── Data supplied ──

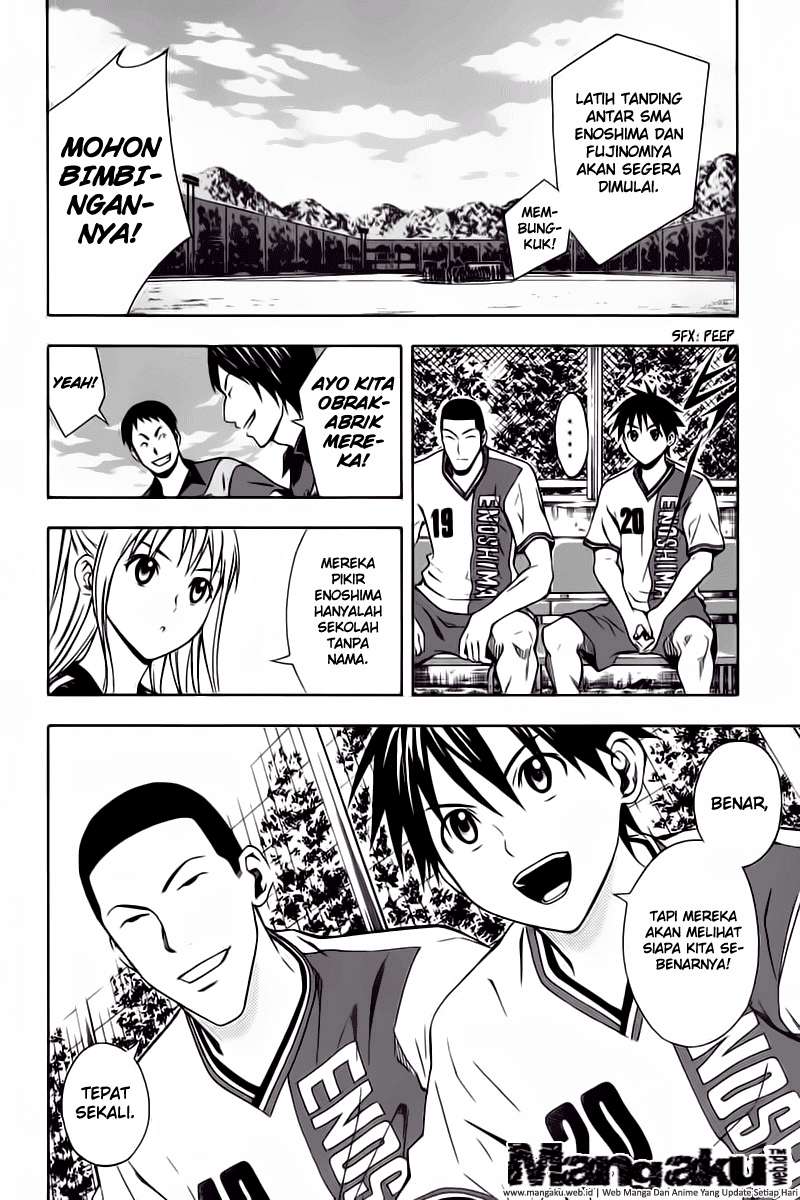 Area no Kishi Chapter 45 Gambar 7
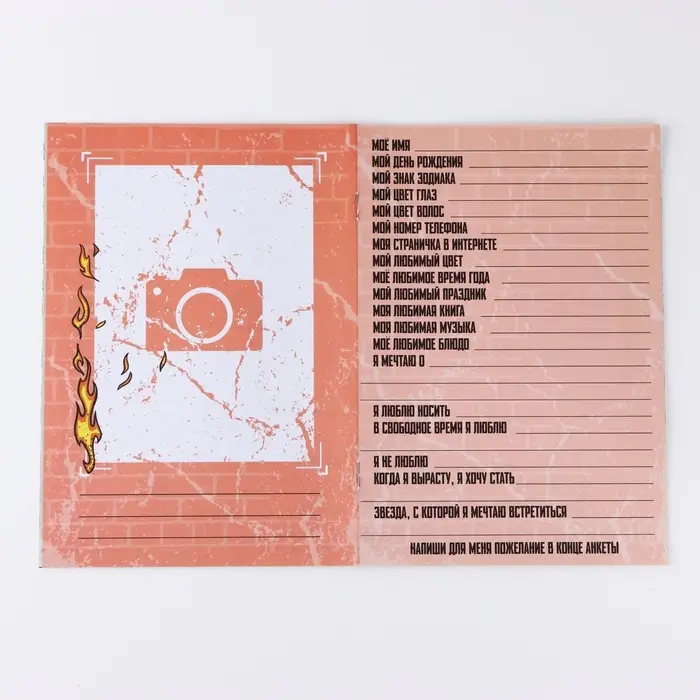 Анкета для друзей А5, 16 л. &laquo;23 февраля&raquo;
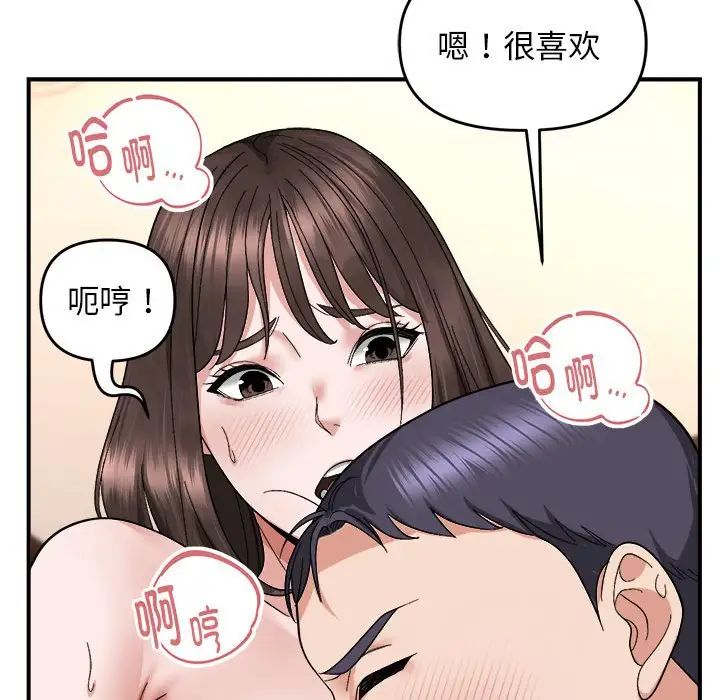 邻居跑路中第5話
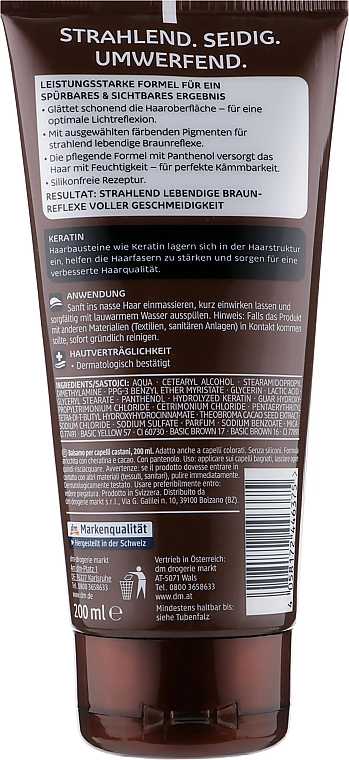 Balea Бальзам-ополаскиватель для волос Glossy Brown Conditioner Balm - фото N2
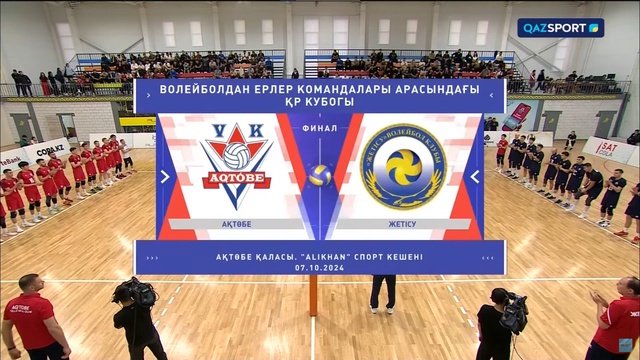 Шолу Ақтөбе - Жетісу | Волейбол | Қазақстан кубогы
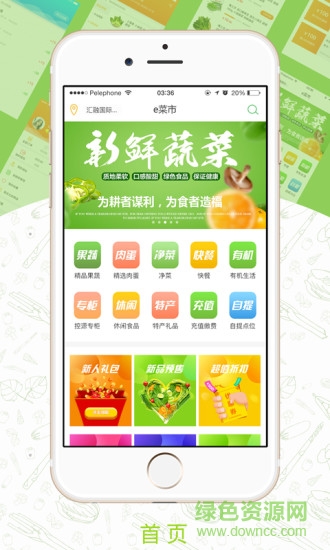 e菜市app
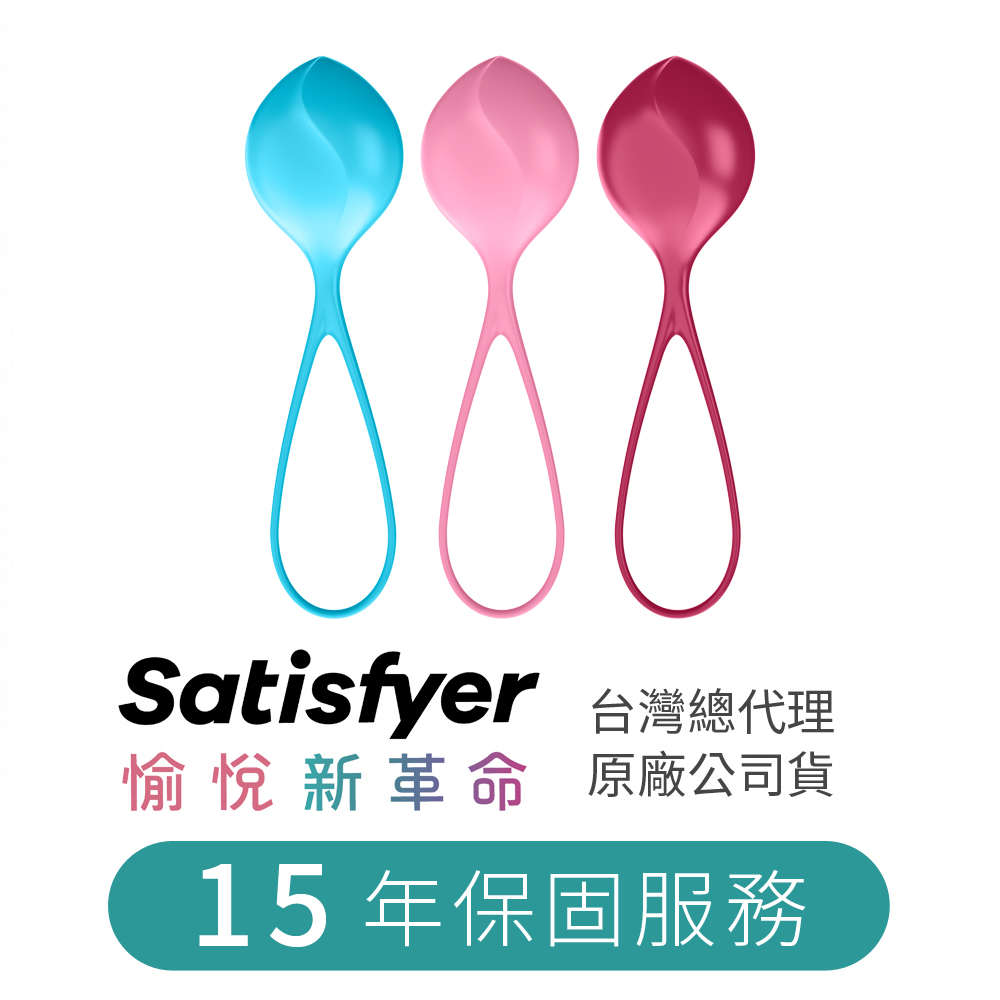 德國Satisfyer Strengthening Balls 單球聰明球 (彩色)-3入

───

What needs to be done | Wherever a picture appears in the material above, skip it and copy the rest without change.

Answer for this exercise |
 Area no Kishi Chapter 45 Gambar 7
 Анкета для друзей А5, 16 л. &laquo;23 февраля&raquo;
 邻居跑路中第5話
 Balea Бальзам-ополаскиватель для волос Glossy Brown Conditioner Balm - фото N2
 Шолу Ақтөбе - Жетісу | Волейбол | Қазақстан кубогы
 e菜市app
 德國Satisfyer Strengthening Balls 單球聰明球 (彩色)-3入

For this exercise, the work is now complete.